Container behaviour (was: print attitude)

Donn Cave donn at u.washington.edu
Tue Jul 8 12:37:35 EDT 2003


In article <mailman.1057675993.29542.python-list at python.org>,
 "Batista, Facundo" <FBatista at uniFON.com.ar> wrote:

> #- Personally, I think the internal difference between str and repr hits
> #- right upon a proper difference:  str is for a "reasonable"
> #- human-readable representation, and repr is for as faithful and
> #- informative a representation as possible.  These both have their uses
> #- and I approve of the distinction.
> 
> Beyond the specific utilization of str or repr, the detail that get me
> confused is:
> 
> repr (container) => repr (elements)
> str (container) => repr (elements)
> 
> Why cannot I, when I want the repr of a container, get the repr of its
> elements, and when I want the str of a container, get the str of its
> elements?

Because that wouldn't make sense.  Neither does the interpretation
of str and repr you quote, so that's not going to be much help.

str is a type conversion function.  Data types that can
sensibly be converted to strings can provide a __str__
function that does that.  Conversion doesn't mean that all
the information present in the original survives in the result,
only the properties that make sense in a string.

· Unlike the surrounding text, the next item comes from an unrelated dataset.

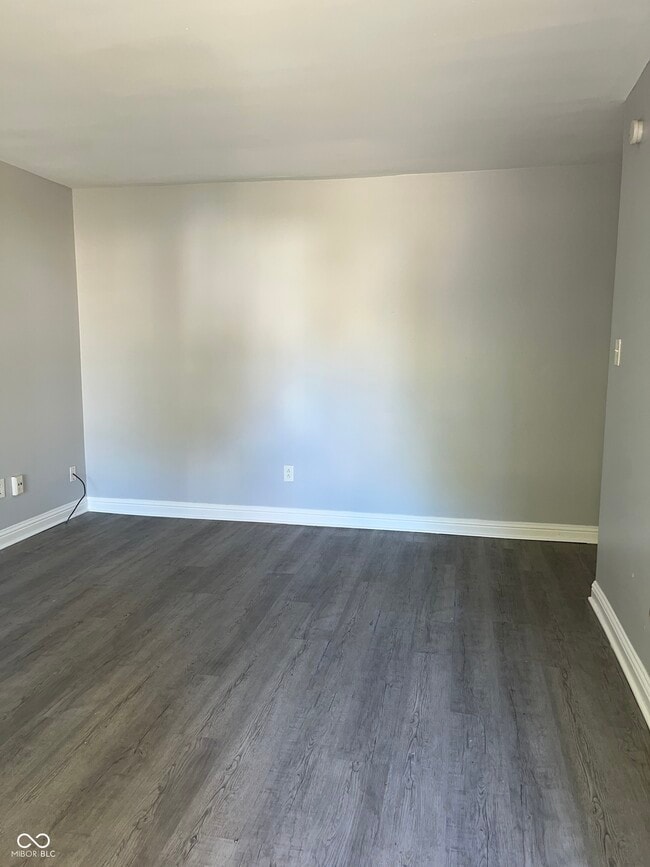 Photo - 9425 Rochelle Dr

For example, you might design a sequence data type that is
a list of integer values in the range [0..255], say for the
purpose of some cryptography, and write a __str__ whose result
simply puts the same values in a string type.  Or a class that
carries a list of strings might just concatenate them (cf.
rfc822.Message)

But lists themselves do not have any natural conversion to
string type, so they fall back to repr.  Eric did explain
why simply applying str to the elements would make an ambiguous
mess.  You may be able to describe an ideal result for your
application, but there are many other potentially ideal ways
to do it and no way to say one of them makes more sense than
another.  I think if I were obliged to write the __str__ function
that applies str to each element of a list, I would simply join
the strings with no separator, so str([10, 11, 12]) == '101112',
but I'm sure that would offend as many people as it pleased.